# Work to complete
Starting at the line that has "Helly Hansen Boy's Jacket - Size 134/9" and stopping after the line that has "Maillot Ajax Gardien de but Jaune 2019/20", reproduce the listing below exactly; omit everything else.

# Supplied entries
● ● ● ● ● ● ●

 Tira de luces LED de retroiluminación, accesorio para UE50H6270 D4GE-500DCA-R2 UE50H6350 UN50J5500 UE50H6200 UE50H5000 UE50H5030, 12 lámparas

● ● ● ● ● ● ●

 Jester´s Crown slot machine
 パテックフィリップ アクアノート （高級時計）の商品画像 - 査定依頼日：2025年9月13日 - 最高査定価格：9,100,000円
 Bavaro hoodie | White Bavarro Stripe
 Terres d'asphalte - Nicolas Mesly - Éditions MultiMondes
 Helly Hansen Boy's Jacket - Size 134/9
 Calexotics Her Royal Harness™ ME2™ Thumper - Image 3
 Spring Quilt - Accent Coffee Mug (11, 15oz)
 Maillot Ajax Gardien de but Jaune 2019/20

● ● ● ● ● ● ●

# Task solution
 Helly Hansen Boy's Jacket - Size 134/9
 Calexotics Her Royal Harness™ ME2™ Thumper - Image 3
 Spring Quilt - Accent Coffee Mug (11, 15oz)
 Maillot Ajax Gardien de but Jaune 2019/20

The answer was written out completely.